Au «Je voulais me laver de la meurtrissure d’être juif» de Goldman (pris au livre, mis dans sa bouche, au risque de sonner solennel) répond le «On ne guérit jamais de son enfance» de la plaidoirie de Kiejman, comme deux directions prises à partir d’une origine commune, proche. C’est aussi qu’il fallait au film la modération de l’avocat, son goût de la tactique et du tact, pour entendre et comprendre la bête qui rugit dans le box derrière lui, il fallait cette petite déviation, cette réfraction, cet intercesseur, pour regarder Goldman en face. Sans ça, il brûlerait l’écran, et on sent, tout près, son spectre capable de dévastations posthumes si on l’invoquait de trop près.
Sécheresse qui nous poignarde par moments
Goldman est là, une fois l’acteur en place, une fois le personnage dans ses marques, il apparaît. Il y a de la présence, et on se demande, nous le public de la cour d’assises de la Somme, nous les jurés impartiaux, froids, ou passionnés, révoltés, en larmes : a-t-il tué ? Etait-il là, à 20 heures le 19 décembre 1969, au 6, boulevard Richard-Lenoir à Paris, tirant sur quatre personnes, tuant deux femmes dans la pharmacie Delaunay ? Cédric Kahn dit qu’il n’a pas de certitude personnelle sur l’innocence ou la culpabilité du personnage, mais qu’à son acteur qui lui posait la question, il répondit de croire dur comme fer à son innocence. C’est très intéressant : ça ouvre une brèche, la possibilité, même infime, que Goldman se pense innocent mais ne le soit pas, qu’il soit à la fois coupable et innocent, qu’il se soit défendu avec ferveur, sincérité, se plaçant au-delà du mensonge. C’est le plan des faits, inaccessible. Mais sur le plan du film, ce petit écart offre au Procès Goldman le loisir de diriger et filmer l’accusé comme un innocent absolu – ange terrible – tout en se permettant de continuer à douter sur d’autres tableaux, c’est-à-dire dans d’autres plans, face à d’autres personnages.
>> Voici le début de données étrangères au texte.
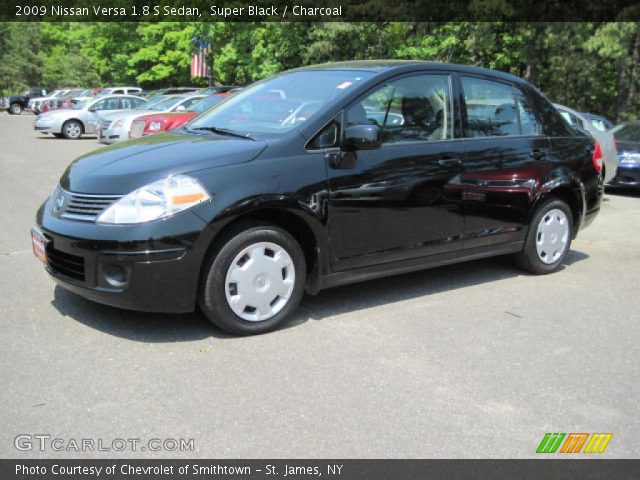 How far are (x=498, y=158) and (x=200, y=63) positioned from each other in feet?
120

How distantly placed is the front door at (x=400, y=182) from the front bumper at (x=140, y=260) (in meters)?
1.01

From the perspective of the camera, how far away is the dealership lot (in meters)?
3.14

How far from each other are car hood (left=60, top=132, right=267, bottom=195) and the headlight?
5 centimetres

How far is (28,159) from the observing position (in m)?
15.6

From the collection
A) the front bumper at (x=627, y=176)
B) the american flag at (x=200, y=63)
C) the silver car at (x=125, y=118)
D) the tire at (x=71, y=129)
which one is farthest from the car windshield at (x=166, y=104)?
the american flag at (x=200, y=63)

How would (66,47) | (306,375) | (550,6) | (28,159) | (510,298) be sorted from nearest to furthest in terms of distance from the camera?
(306,375), (510,298), (28,159), (550,6), (66,47)

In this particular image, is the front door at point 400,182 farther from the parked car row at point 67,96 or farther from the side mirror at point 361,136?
the parked car row at point 67,96

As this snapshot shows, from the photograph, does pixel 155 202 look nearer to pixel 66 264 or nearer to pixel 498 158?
pixel 66 264

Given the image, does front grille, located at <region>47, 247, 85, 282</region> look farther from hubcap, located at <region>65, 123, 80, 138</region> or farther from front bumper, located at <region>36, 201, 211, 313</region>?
hubcap, located at <region>65, 123, 80, 138</region>

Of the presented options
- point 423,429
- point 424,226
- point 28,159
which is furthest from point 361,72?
point 28,159

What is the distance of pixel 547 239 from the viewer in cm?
609

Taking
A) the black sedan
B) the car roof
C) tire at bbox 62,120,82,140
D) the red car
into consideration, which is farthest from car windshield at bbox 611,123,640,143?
tire at bbox 62,120,82,140

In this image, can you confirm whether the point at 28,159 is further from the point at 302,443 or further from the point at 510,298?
the point at 302,443

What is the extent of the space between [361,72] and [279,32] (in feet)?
107
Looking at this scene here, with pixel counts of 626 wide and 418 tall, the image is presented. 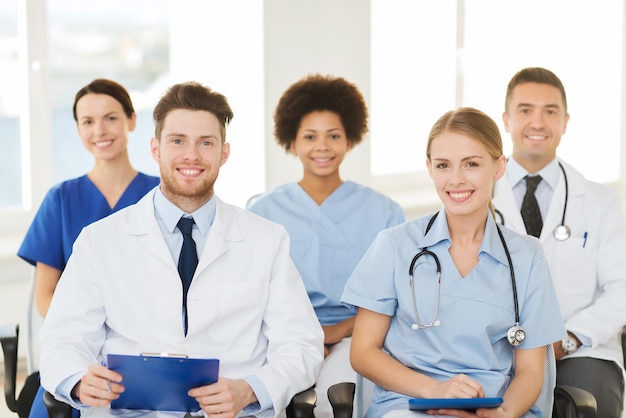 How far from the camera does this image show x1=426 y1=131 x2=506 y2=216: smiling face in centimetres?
226

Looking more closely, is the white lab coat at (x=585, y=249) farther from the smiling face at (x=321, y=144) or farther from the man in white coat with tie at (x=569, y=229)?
the smiling face at (x=321, y=144)

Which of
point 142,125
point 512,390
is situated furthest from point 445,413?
point 142,125

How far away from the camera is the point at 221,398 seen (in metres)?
2.02

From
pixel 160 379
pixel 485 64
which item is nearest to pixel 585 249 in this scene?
pixel 160 379

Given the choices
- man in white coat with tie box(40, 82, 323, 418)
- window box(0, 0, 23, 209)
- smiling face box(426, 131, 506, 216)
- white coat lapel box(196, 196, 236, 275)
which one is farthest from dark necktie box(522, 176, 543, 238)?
window box(0, 0, 23, 209)

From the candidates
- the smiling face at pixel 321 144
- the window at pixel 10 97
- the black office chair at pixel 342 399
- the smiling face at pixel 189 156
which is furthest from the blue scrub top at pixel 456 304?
the window at pixel 10 97

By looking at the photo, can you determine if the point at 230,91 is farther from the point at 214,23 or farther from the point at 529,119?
the point at 529,119

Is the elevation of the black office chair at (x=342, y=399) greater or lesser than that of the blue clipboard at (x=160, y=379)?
lesser

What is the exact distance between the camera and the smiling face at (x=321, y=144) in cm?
314

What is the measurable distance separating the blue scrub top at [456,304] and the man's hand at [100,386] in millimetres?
609

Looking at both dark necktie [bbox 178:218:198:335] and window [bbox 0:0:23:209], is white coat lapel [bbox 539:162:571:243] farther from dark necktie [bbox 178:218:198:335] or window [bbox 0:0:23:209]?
window [bbox 0:0:23:209]

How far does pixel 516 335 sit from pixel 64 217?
1.42 meters

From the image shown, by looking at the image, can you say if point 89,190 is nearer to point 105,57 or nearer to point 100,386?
point 100,386

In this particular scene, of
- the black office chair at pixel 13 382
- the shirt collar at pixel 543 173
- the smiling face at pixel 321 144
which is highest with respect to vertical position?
the smiling face at pixel 321 144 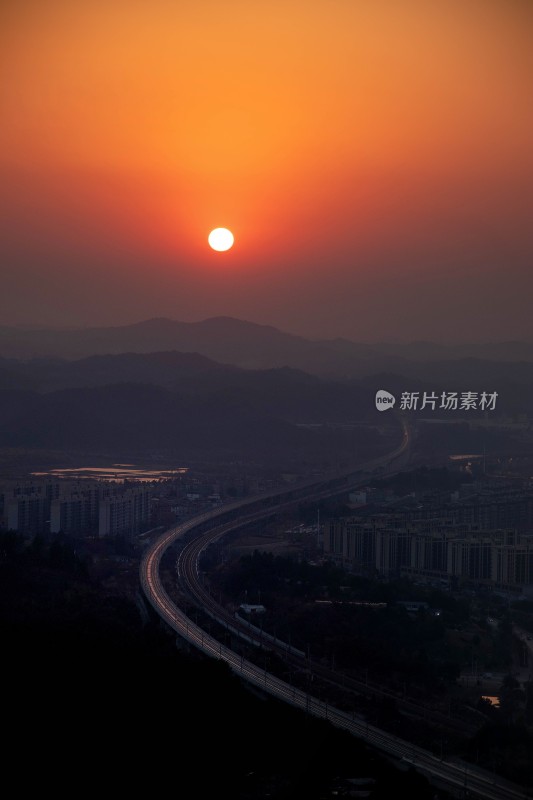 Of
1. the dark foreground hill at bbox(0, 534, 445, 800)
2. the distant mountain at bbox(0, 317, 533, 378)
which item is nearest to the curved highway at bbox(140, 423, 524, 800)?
the dark foreground hill at bbox(0, 534, 445, 800)

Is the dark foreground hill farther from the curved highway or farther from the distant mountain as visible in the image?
the distant mountain

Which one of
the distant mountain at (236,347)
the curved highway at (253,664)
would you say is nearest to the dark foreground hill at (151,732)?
the curved highway at (253,664)

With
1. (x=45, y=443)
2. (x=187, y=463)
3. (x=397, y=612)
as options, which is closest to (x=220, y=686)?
(x=397, y=612)

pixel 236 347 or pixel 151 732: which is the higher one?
pixel 236 347

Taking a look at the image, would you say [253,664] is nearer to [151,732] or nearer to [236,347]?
[151,732]

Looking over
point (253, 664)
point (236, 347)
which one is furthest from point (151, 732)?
point (236, 347)

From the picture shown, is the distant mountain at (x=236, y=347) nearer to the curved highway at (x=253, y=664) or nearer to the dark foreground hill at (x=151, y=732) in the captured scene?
the curved highway at (x=253, y=664)
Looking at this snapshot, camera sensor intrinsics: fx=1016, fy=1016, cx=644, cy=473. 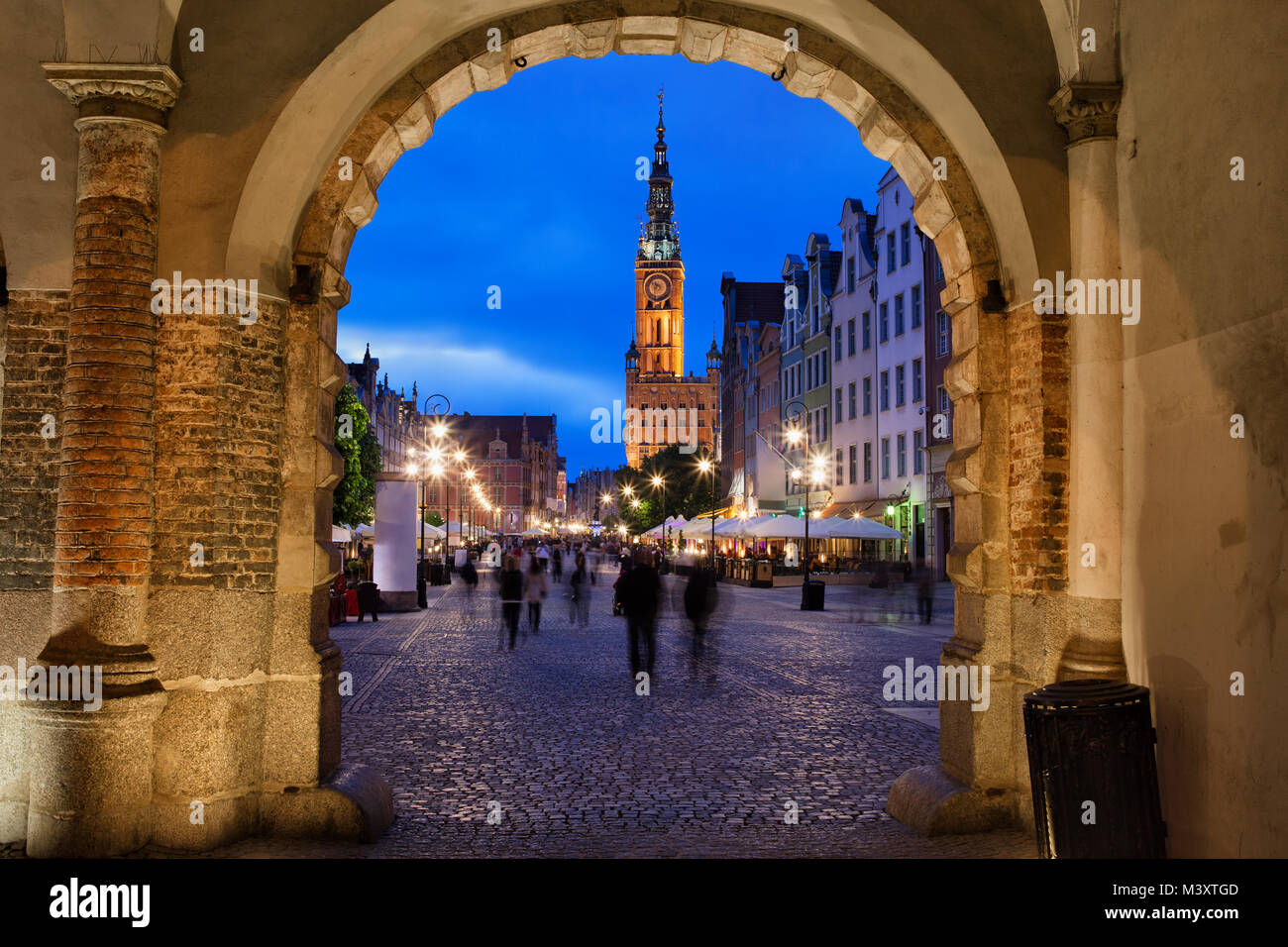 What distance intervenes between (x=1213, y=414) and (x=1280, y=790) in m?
2.08

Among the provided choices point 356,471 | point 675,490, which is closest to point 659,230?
point 675,490

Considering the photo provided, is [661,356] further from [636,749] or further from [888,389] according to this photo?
[636,749]

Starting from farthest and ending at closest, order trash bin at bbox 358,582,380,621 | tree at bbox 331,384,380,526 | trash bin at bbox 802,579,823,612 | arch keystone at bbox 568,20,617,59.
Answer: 1. tree at bbox 331,384,380,526
2. trash bin at bbox 802,579,823,612
3. trash bin at bbox 358,582,380,621
4. arch keystone at bbox 568,20,617,59

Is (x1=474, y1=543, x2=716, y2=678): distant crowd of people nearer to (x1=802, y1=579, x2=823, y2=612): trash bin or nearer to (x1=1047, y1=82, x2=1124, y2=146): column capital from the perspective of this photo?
(x1=802, y1=579, x2=823, y2=612): trash bin

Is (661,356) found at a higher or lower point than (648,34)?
higher

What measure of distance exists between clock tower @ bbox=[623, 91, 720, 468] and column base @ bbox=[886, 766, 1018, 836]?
148849mm

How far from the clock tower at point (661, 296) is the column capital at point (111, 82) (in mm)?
157917

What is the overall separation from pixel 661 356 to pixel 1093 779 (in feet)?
531

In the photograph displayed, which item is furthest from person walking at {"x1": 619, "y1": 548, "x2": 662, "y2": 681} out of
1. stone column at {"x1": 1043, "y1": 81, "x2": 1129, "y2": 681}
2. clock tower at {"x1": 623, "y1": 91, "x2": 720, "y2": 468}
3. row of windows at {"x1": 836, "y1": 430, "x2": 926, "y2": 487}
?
clock tower at {"x1": 623, "y1": 91, "x2": 720, "y2": 468}

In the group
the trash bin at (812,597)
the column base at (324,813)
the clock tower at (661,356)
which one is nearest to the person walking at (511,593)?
the trash bin at (812,597)

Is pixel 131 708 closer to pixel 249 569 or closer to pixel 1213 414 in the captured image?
pixel 249 569

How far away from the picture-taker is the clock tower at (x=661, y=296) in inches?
6511

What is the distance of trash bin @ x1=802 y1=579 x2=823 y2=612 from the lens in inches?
1080

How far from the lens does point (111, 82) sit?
22.1 feet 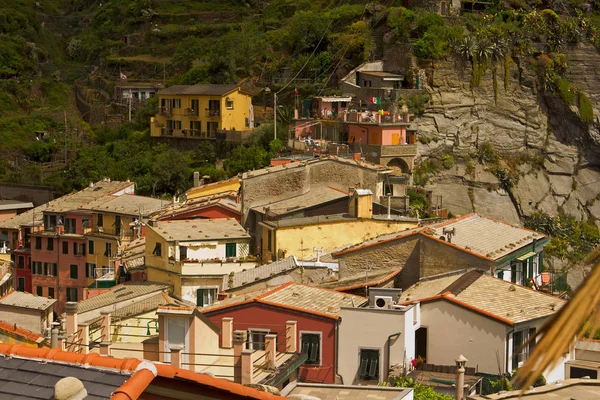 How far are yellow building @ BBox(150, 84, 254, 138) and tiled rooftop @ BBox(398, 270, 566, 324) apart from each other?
3525cm

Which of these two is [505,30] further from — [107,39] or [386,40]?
[107,39]

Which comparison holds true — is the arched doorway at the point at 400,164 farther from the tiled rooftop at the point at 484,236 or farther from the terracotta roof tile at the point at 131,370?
the terracotta roof tile at the point at 131,370

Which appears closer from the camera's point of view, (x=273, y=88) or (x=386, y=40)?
(x=386, y=40)

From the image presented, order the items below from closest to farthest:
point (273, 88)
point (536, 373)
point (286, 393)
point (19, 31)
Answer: point (536, 373) → point (286, 393) → point (273, 88) → point (19, 31)

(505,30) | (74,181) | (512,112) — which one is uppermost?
(505,30)

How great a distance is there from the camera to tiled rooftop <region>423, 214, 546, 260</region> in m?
28.7

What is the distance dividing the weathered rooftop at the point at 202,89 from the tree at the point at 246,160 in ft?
21.4

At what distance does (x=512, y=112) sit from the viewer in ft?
185

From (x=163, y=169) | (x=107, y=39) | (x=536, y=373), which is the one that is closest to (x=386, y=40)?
(x=163, y=169)

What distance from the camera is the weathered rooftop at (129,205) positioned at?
154ft

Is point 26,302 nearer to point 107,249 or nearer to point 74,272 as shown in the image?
point 107,249

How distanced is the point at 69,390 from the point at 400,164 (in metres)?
45.6

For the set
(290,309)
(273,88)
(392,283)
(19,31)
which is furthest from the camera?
(19,31)

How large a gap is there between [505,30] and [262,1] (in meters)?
28.8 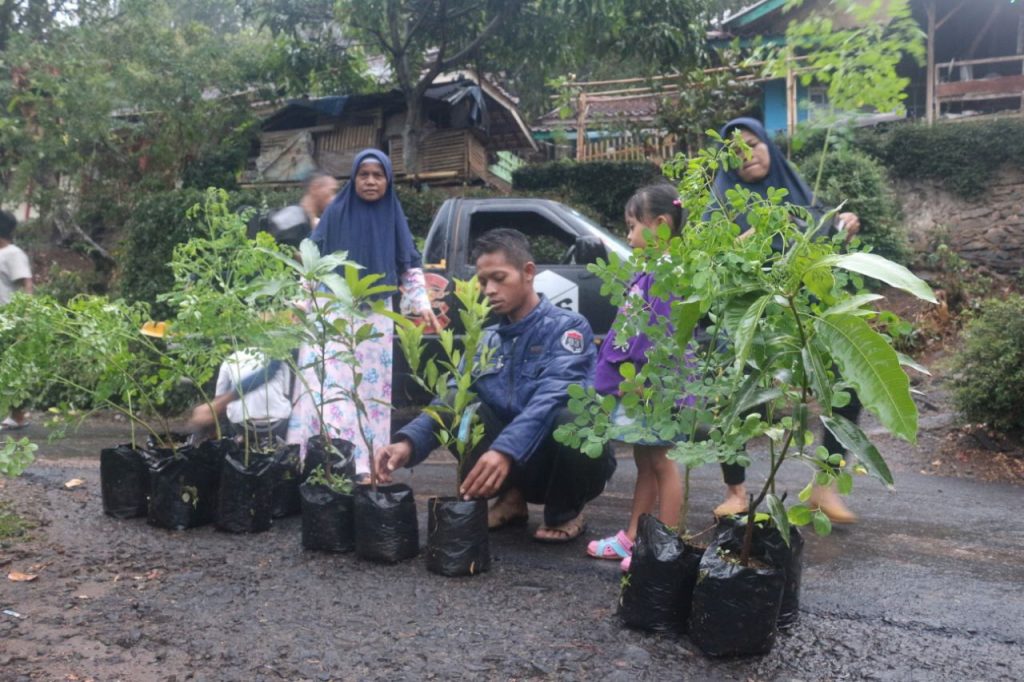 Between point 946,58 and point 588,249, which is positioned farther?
point 946,58

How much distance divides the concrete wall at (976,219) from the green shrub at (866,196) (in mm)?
1812

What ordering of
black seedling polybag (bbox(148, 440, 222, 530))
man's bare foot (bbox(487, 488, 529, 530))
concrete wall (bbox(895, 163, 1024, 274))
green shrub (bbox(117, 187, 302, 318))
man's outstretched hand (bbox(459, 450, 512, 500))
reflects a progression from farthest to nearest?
concrete wall (bbox(895, 163, 1024, 274)) → green shrub (bbox(117, 187, 302, 318)) → man's bare foot (bbox(487, 488, 529, 530)) → black seedling polybag (bbox(148, 440, 222, 530)) → man's outstretched hand (bbox(459, 450, 512, 500))

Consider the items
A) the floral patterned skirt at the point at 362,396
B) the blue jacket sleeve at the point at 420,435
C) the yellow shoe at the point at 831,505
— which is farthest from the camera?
the floral patterned skirt at the point at 362,396

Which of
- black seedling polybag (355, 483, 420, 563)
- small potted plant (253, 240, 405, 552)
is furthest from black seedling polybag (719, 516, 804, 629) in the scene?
small potted plant (253, 240, 405, 552)

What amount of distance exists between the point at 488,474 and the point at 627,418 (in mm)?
677

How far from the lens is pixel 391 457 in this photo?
146 inches

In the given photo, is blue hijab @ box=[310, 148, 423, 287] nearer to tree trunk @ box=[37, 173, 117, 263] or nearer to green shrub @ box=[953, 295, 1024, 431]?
green shrub @ box=[953, 295, 1024, 431]

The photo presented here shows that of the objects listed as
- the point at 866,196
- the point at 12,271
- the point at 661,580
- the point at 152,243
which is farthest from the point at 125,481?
the point at 866,196

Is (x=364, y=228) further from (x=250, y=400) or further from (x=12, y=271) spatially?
(x=12, y=271)

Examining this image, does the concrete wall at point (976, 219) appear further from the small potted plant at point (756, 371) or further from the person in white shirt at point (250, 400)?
the small potted plant at point (756, 371)

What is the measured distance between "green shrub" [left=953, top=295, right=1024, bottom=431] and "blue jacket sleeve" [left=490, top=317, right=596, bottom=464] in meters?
4.03

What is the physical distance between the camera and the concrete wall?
1443cm

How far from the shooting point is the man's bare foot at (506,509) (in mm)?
4238

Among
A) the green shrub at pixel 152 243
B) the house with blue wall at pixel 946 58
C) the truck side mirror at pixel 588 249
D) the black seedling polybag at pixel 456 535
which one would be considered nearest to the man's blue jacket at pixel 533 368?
the black seedling polybag at pixel 456 535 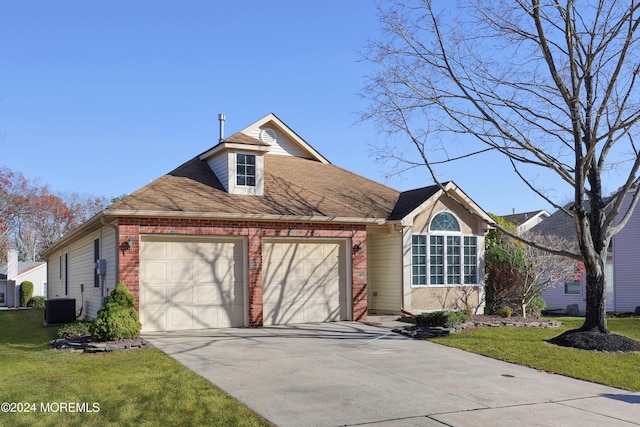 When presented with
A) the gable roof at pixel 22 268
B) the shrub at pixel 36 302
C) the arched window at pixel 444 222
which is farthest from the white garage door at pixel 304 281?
the gable roof at pixel 22 268

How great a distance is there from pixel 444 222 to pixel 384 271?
2.52 m

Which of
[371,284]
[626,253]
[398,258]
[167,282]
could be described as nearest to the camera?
[167,282]

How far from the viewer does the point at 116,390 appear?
28.4 ft

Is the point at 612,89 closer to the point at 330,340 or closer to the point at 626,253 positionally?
the point at 330,340

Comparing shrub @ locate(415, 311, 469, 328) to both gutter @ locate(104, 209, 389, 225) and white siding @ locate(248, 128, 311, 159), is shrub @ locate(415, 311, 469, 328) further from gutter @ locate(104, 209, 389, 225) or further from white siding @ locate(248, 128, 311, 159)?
white siding @ locate(248, 128, 311, 159)

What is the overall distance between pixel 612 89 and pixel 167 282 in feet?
37.7

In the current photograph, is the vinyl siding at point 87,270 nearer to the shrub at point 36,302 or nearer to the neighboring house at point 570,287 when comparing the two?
the shrub at point 36,302

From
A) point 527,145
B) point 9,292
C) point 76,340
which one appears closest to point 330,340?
point 76,340

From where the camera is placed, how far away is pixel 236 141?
671 inches

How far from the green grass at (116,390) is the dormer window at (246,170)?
21.3ft

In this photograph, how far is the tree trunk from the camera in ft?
45.6

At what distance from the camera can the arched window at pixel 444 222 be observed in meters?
19.5

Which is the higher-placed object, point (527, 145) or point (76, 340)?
point (527, 145)

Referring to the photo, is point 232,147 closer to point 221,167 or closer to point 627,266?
point 221,167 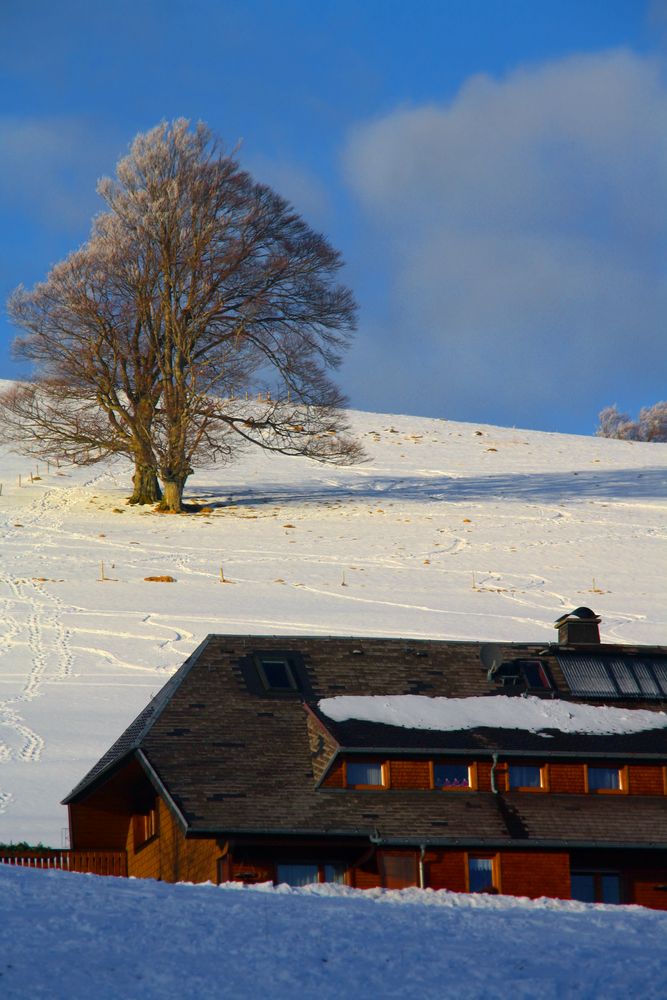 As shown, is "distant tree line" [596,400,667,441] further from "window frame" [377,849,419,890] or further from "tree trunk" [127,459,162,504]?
"window frame" [377,849,419,890]

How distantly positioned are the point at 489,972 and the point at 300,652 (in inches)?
390

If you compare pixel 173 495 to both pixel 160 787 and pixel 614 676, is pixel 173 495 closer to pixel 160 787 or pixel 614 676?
pixel 614 676

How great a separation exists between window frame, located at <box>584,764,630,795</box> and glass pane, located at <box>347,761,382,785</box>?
123 inches

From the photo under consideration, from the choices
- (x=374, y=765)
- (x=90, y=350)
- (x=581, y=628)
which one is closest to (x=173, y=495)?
(x=90, y=350)

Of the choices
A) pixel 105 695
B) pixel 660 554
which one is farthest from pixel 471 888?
pixel 660 554

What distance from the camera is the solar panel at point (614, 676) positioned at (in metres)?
21.0

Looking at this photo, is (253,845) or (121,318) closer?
(253,845)

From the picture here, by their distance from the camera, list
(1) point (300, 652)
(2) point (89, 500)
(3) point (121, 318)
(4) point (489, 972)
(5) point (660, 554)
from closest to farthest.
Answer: (4) point (489, 972)
(1) point (300, 652)
(5) point (660, 554)
(3) point (121, 318)
(2) point (89, 500)

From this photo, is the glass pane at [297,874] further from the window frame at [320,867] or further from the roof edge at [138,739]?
the roof edge at [138,739]

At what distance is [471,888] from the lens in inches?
710

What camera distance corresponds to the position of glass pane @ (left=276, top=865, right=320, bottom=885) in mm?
18031

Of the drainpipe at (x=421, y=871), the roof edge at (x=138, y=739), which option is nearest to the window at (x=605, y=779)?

Le cinéma est un art quantique, il n’établit pas la vérité, il fixe des points de vue, tour à tour, pour les faire exister en plein. Non pas pour produire de l’ambiguïté, mais pour garder sa liberté constitutive, explorer toutes les directions, les angles, d’une même mise en place de départ. Le film est bien ce dispositif : tourné à trois caméras en déroulant, dans l’ordre, le procès tel que le scénario (de Cédric Kahn et Nathalie Hertzberg) réussit à le reconstituer, il parvient à capter bien des troubles, bien des regards et des accents. La sécheresse générale du film était sa seule chance d’atteindre un peu au cœur des choses, fut-il multiple, et des êtres concernés. Saluons-la, puisqu’elle nous poignarde par moments. Le tremblement imperceptible de la journaliste et documentariste d’origine guadeloupéenne Christiane Succab-Goldman (la compagne de Pierre Goldman) ou de Chloé Lecerf (l’actrice qui la joue) au moment de répondre aux juges et procureurs blancs qui la somment de répondre : on s’en souviendra. Seul le cinéma nous le montre. Quand il est plus fort que la loi.
Quinzaine des cinéastes. Le Procès Goldman de Cédric Kahn avec Arieh Worthalter, Arthur Harari, Jeremy Lewin… 1 h 55.